The versatility of this choir and conductor was also entertainingly displayed in this way. With regard to the reading of the Cantata BWV 191, the choral control was also put to the test with its energetic gloria setting. The  goal in both Bach’s time and for this concert being to further decorate the statement of Christmas joy and emotions around the Nativity.

The synergy between soloists and soloists plus orchestra as well as choir was in this cantata appendix demonstrated with finesse by soprano Penelope Mills plus Andrew Goodwin in the central section of Cantata for Christmas.

Such commendable, consistent attention to detail, balance of the ensemble forces and creation of fine shape in the telling of the Christmas Oratorio nativity ensured appropriate momentum was maintained throughout the work and the composition’s sequence reached us with navitas.
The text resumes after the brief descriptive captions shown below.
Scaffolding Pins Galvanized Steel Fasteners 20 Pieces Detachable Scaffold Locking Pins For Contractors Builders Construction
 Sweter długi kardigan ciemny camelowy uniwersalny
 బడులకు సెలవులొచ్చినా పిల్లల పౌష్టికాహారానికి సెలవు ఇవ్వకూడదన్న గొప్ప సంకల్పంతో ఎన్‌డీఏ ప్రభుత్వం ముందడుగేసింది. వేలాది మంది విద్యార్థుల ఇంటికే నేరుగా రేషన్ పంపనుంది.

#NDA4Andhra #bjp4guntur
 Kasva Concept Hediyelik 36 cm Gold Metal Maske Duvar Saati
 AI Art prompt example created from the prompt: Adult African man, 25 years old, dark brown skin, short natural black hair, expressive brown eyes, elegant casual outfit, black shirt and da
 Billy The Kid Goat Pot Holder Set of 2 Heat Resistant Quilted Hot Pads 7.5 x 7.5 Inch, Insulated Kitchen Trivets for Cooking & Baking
Our exposure to this important Christmas and church work from Bach unfolded stirringly at the hands of early music ensemble experts, complete with rousing timpani, brass and on point string choir. The choir exclamations for the oratorio sections were well contrasted, with new aspects of each section or feeling of the tale resonating in varied hues.

The four soloists worked well together and separately to push the Christmas story through. Roles of the holy family, angels or shepherds were well characterised through well phrase endurance of Bach’s intricacies as well as joyous vocal colours from soloists and in combination with the orchestra and choral voice.

Previous performances of key passions, masses and oratorios of Baroque and varied time periods from Sydney Philharmonia Choirs in past decades have made for special and important events and introduction to major choral works for Sydney audiences.

This compact, meaty concert stage performance of Bach’s BWV 248 with special guest works to gild its delivery has truly updated the last performance of this important work by Sydney Philharmonia Choirs, heard twenty years ago. It left us with a multi-faceted celebration of this choir, soloists orchestra and methods of retelling or celebrating the nativity story as well as reactions to its meaning.

Bach, with all his functional music aptitude and love of a practical, live musical atmosphere would have been as thrilled as the Sydney Opera House audience with the result.